Let’s review the results of the Source/Medium query:

Visits:

The visits metric is quite reliable across all samples and sampling slider bar settings (keep in mind we are looking at the overall metrics and not individual rows just yet).
The largest variation was -1.46%. If we were dealing with an unsampled value of 1,000,000 visits, then this variation would yield 985,400 visits. Not terrible by any means.
Increasing the sampling slider bar to 100% (500k visits) did not always yield more accurate data for the visits metric.

Transactions:

Accuracy ranged from -0.92% (quite good) to -11.86% (now we are getting into unreliable data).
1,000 transactions (unsampled) at a -11.86 variation results in 881 transactions in sampled data (119 missing transactions).

Revenue:

The largest variance here was -16.09% and also had a +11.37% in the Android segment. It is important to note that sampled data may be under or over reported.
At a -16.09% variance, $500,000 becomes a sampled value of $419,550. $80,000 unaccounted for in this example is a big problem.
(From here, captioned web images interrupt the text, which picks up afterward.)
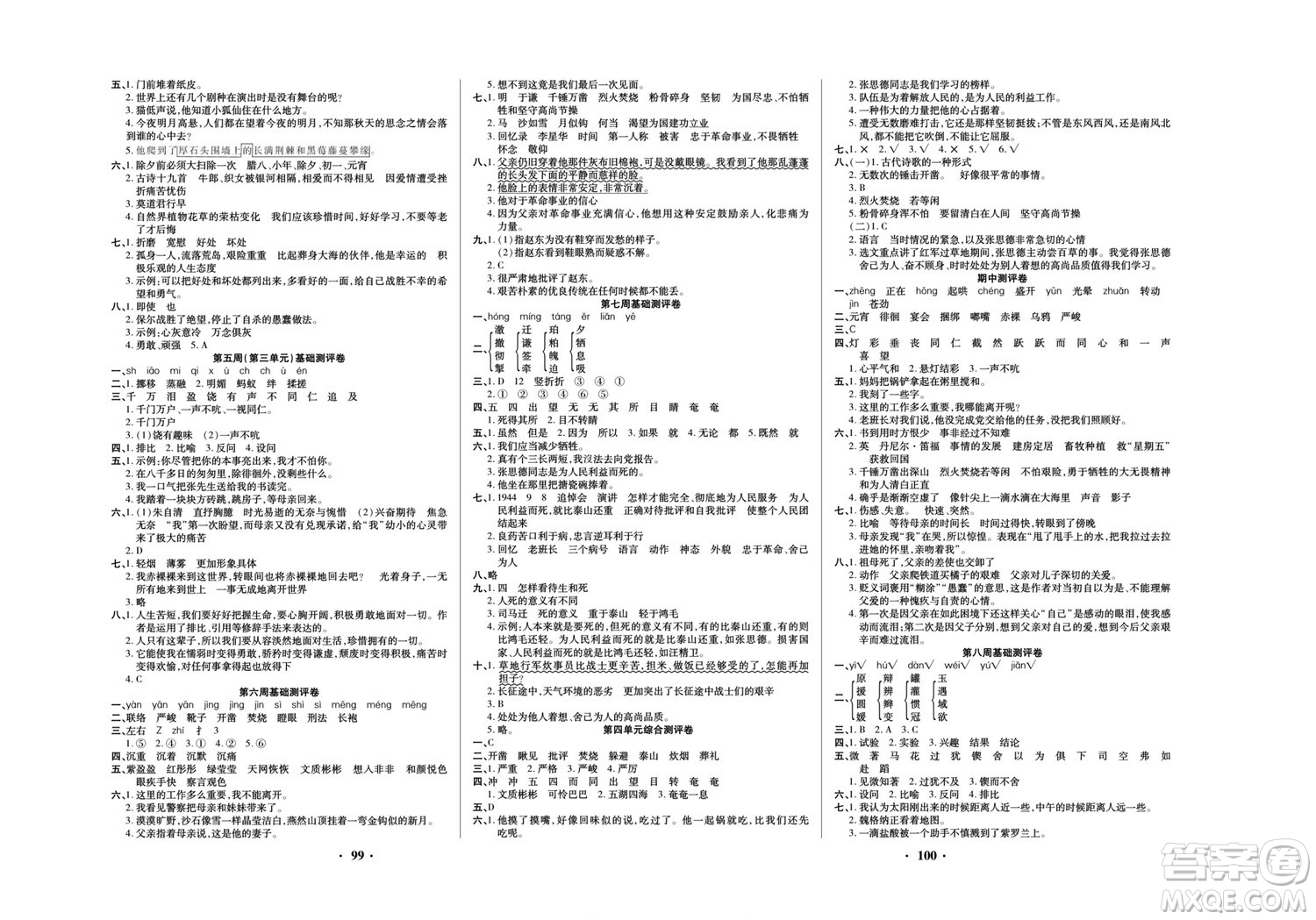 北方婦女兒童出版社2022聚優(yōu)練考卷語文六年級下冊RJ人教版答案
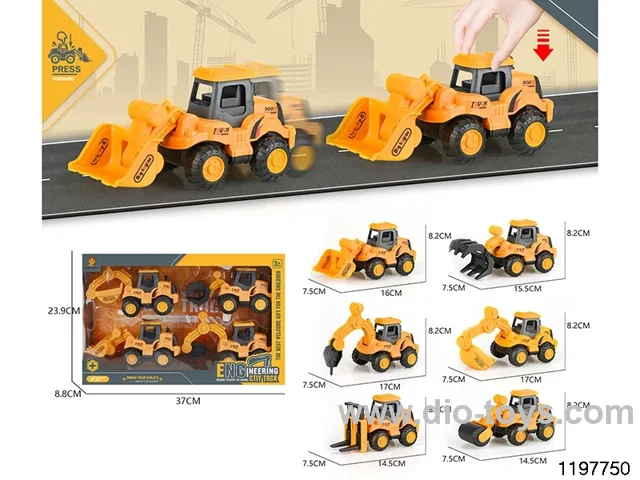 Press Engineering Vehicle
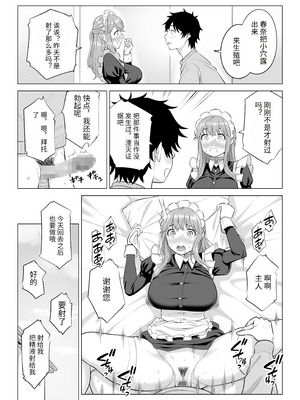 [伊達ろく] 男性が極端に少ないこの世界では、精子は貴重な資源です。|精子是珍貴的資源 その1~3[中国翻訳]_331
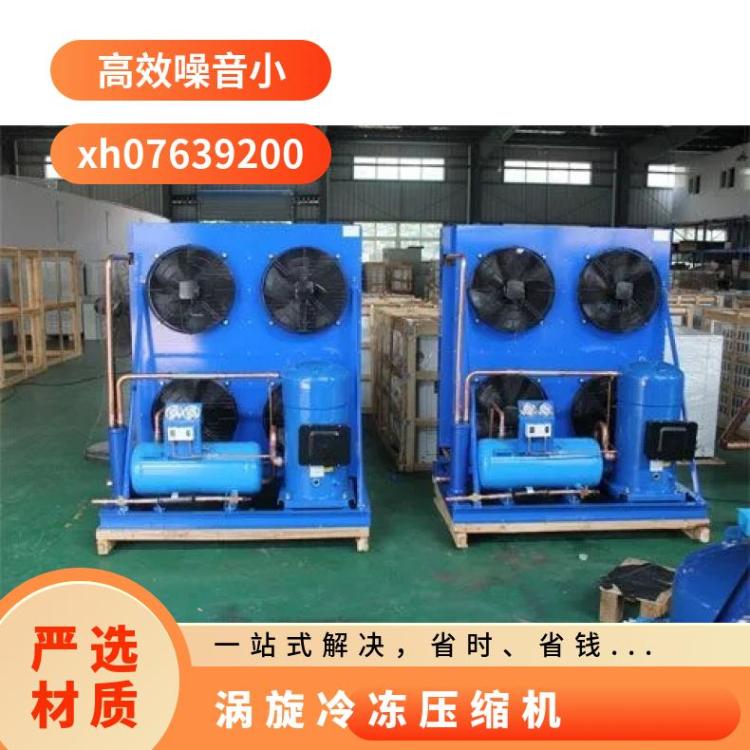 丹佛斯涡旋压缩机蛋品库 MLZ130T4BC5冷库制冷机组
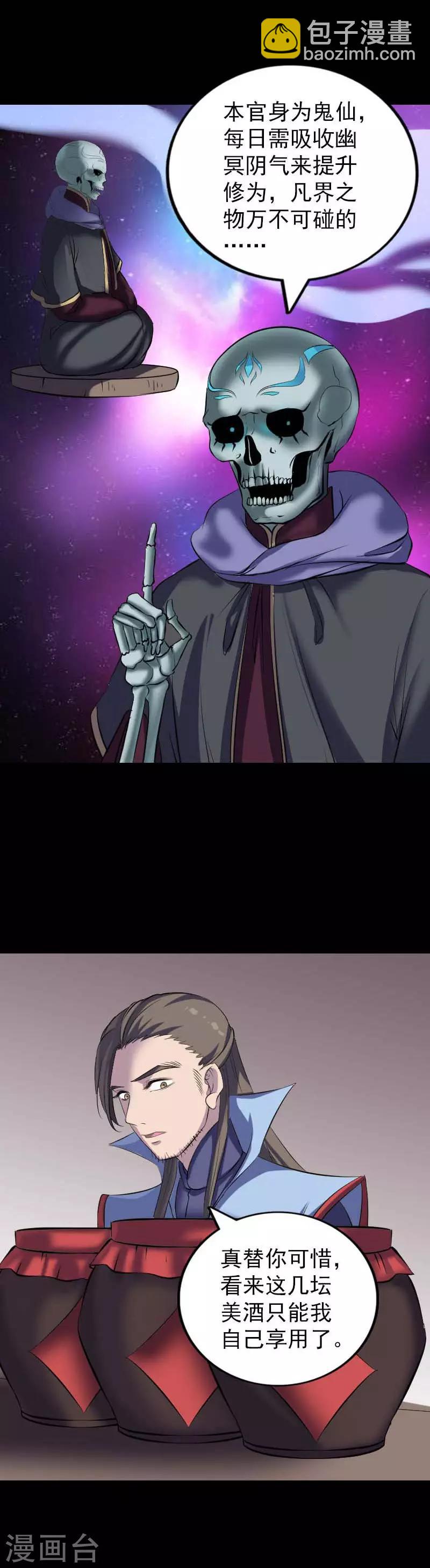 兇棺 - 第294話 - 2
Ecommerce Conversion Rate:

Accuracy ranged from -1.21% to -12.47%

For the US Region (States) data dimension query, the below table contains the results.

Let’s review the results of the US Regions query:

Visits:

The visits metric is reliable just as it was in our source/medium queries.
The largest variation was +0.89% for our Android segment (4.54% of total visits) with the sampling slider set to 100%.
Oddly enough, when the sampling slider was at 50% (250k visitors), the overall data was more accurate. We definitely cannot state that this would always be the case; in fact it statistically should be a rarer occurrence for less visits in a sampled set to yield more accurate data.
At a +.89% variance, 1,000,000 visits becomes 1,008,900 (not bad!)

Transactions:

At a +16.55% variance, 1,000 transactions becomes a sampled value of 1,166

Revenue:

At a +14.74% variance, $500,000 becomes a sampled value of $573,700 (yikes!)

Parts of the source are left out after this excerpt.